Equal Earth OpenLayers sprint in Graz

After my initial work on using the Equal Earth map projection in web mapping during my sabbatical in 2024, it was time for implementing extensions to web mapping libraries for a seamless integration of Equal Earth in interactive maps.

After discussions at the FOSSGIS conference in Münster with Andreas Hocevar, one of the lead developers of OpenLayers, we found time for a 4 day autumn code sprint in Graz. My plan was to start with a raster tile implementation, using OpenLayers' raster reprojection support and then go into reprojection support for Vector tiles.

Day 1

Using the direct night train from Sargans to Graz, I've joined Andreas in his office Wednesday morning, ready to start.

In the afternoon I had an interactive map in Equal Earth projection based on a WGS84 raster tile service.

The new approach, using a source in WGS84 (aka geographic, equirectangular or plate carrée) projection proved feasible, but a few important parts were still missing.
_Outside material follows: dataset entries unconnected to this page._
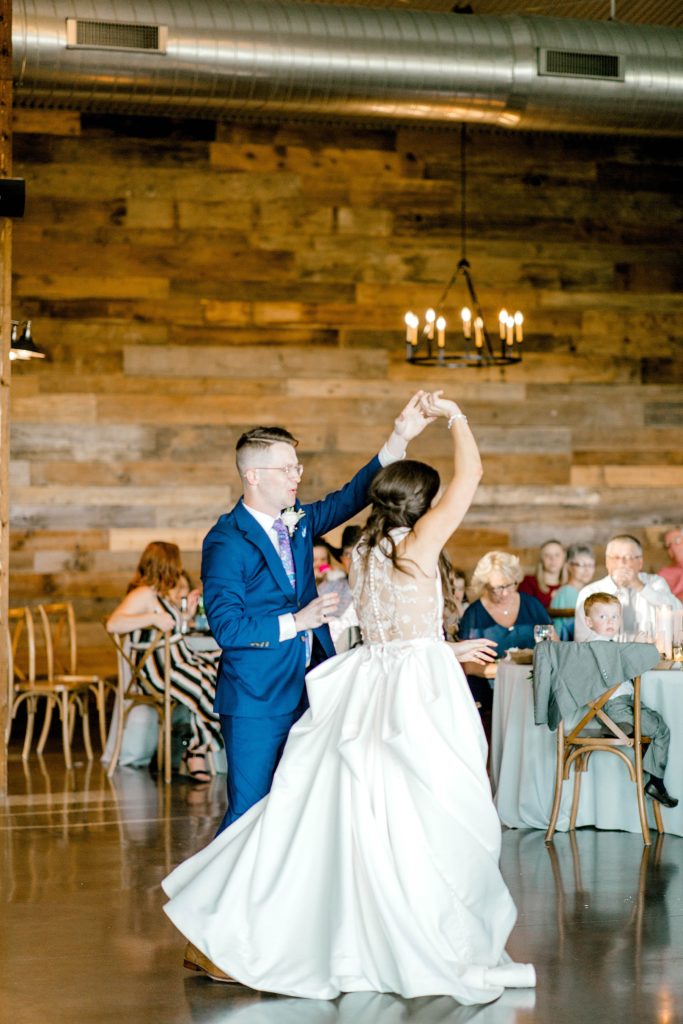 Romantic Summer Wedding (McKinney, Texas) | Becca Sue Photography - www.beccasuephotography.com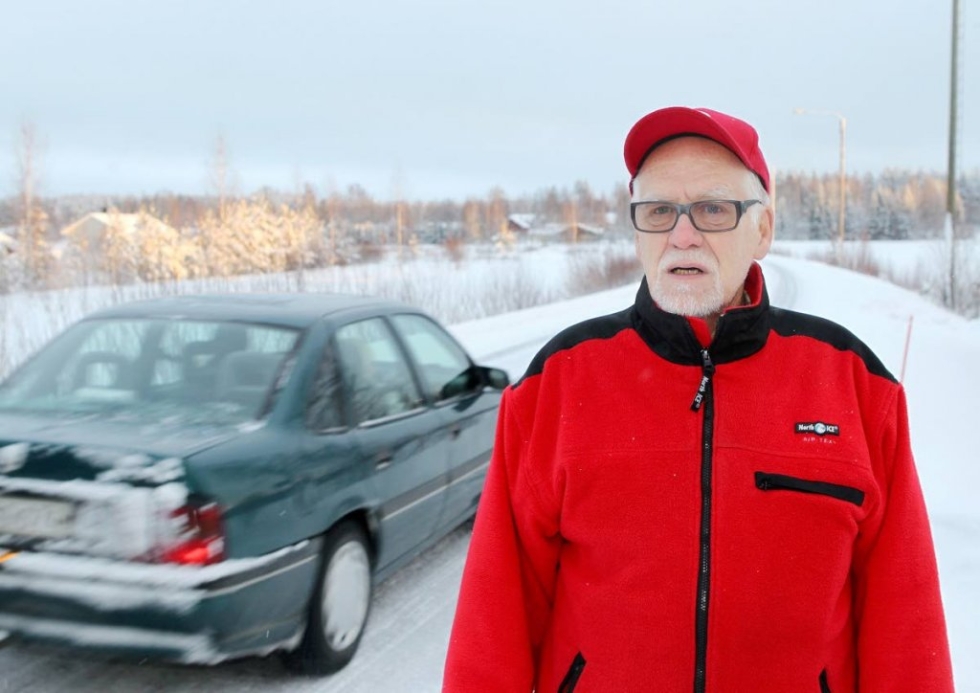 Jorma Mikkonen toivoo Kulhoon johtavalle tielle kevyen liikenteen väylää.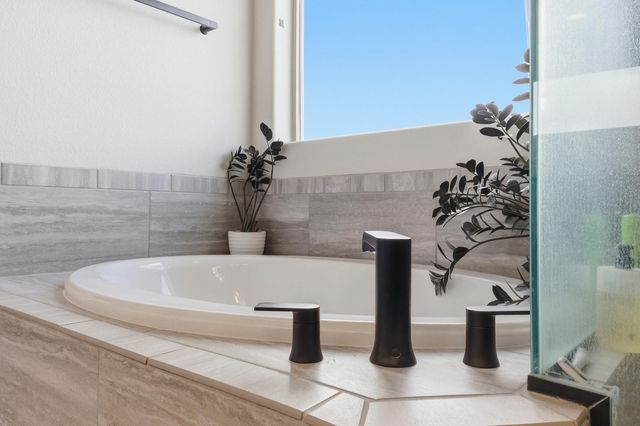 12120 Echo Valley Lane NW, Albuquerque, NM 87120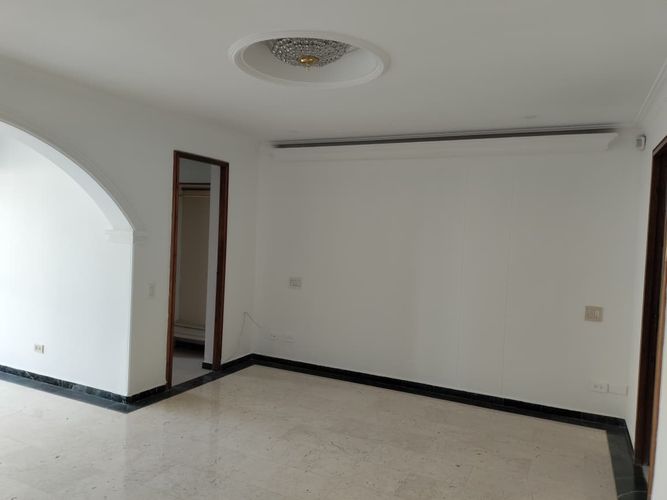 Casa de 4 alcobas en venta en Loma Del Indio, Medellín, 267 m² · foto 9 de 19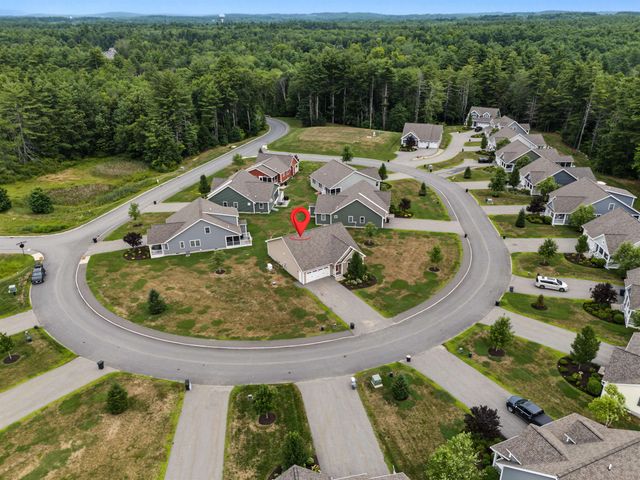 4 James Circle, Brentwood, NH 03833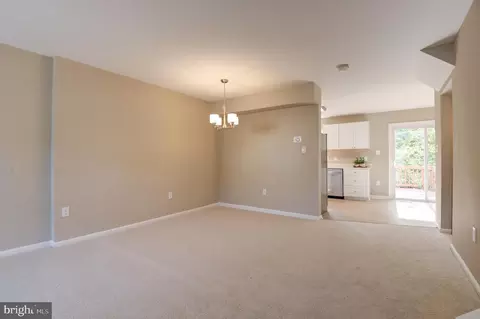 20742 Apollo Ter, Ashburn, VA 20147 photo 12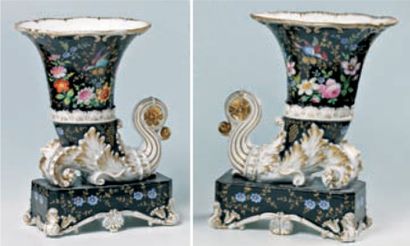 PARIS Paire de vases Rython en forme de corne d'abondance en porcelaine à décor polychrome...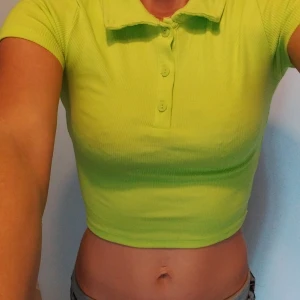 Topo - Kort topp i storlek xs köpt på new yorker. Helt oanvänd. Ljusgrön. Betalning sker via swish och köparen står för frakten.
OpenLayers draws a map also outside of the projection area, so the next goal was to render a mask layer to hide these redundant outside parts. But after fighting hours with projection calculations at the antimeridian, I gave up for now.

Day 2

As a next step, we moved on to a vector tile implementation and analyzed the code path where reprojection of vector tiles should be done. This proved to be way more complicated than I expected and I had to hand over my plan to implement this to Andreas.

My next part was an experimental implementation of OpenLayers support for projection functions in addition to static projections. With Andreas' help I was able to build a partially working prototype, but it looked like an endless endeavour to fix all parts of OpenLayers where a static projection was assumed. So we decided to go back to the previous implementation, which updates the OpenLayers view on panning events.

Day 3

After working with raster tiles and initial experiments with vector tiles, I've started a new OL example, reprojecting a thematic map with a GeoJSON vector data source. GeoJSON uses geographic (WGS84) coordinates, which is a good starting point for Equal Earth or other projections. The first steps went well, but soon after changing the center meridian, the first ugly rendering glitches appeared.

To find out whether Proj4js was the guilty party, I've tested the same GeoJSON with QGIS, which uses Proj as projection library.

Since Proj4js is a Javascript port of PROJ, having the same glitches with QGIS didn't tell us whether the projection library itself causes these artifacts, or both rendering engines have problems with geometries crossing the antimeridian in non-rectangular projections.

As a next step, we've experimented with the projection functions of D3, which seems to be more robust in rendering GeoJSON data in different projections. But after a good hour of trying to understand how D3 handles projections, we decided to end the experiment and to add a preprocessing step of splitting geometries at the current antimeridian instead. Using clipping functions from Turf this didn't require many lines of code, but produced a few invalid geometries which either ended in holes or new rendering artifacts.

Day 4

Having a movable map with only a few glitches left, we concentrated on making the dynamic reprojection smoother when panning the map. We've ended up at 5° projection steps based on the change:center event of the view.

Andreas was able to show WGS84 tiles reprojected to Web-Mercator. This doesn't look very impressive, but is a major step for supporting other display projections. Unlike Web-Mercator, Equal Earth has non-rectangular bounds and therefore also distorts the rectangular source tile grid. There will be difficulties at the projection border and additional clipping at the projected tile borders may be needed. Andreas plans to work on this the coming weekend, let's see how far he will get!

After a last beer I've entered my train back to Switzerland, with the plan to replace Turf clipping with clamping coordinates at the projection boundaries and making the example ready for a pull request.

So hopefully, our code will be public soon and then it's time to think about the next steps.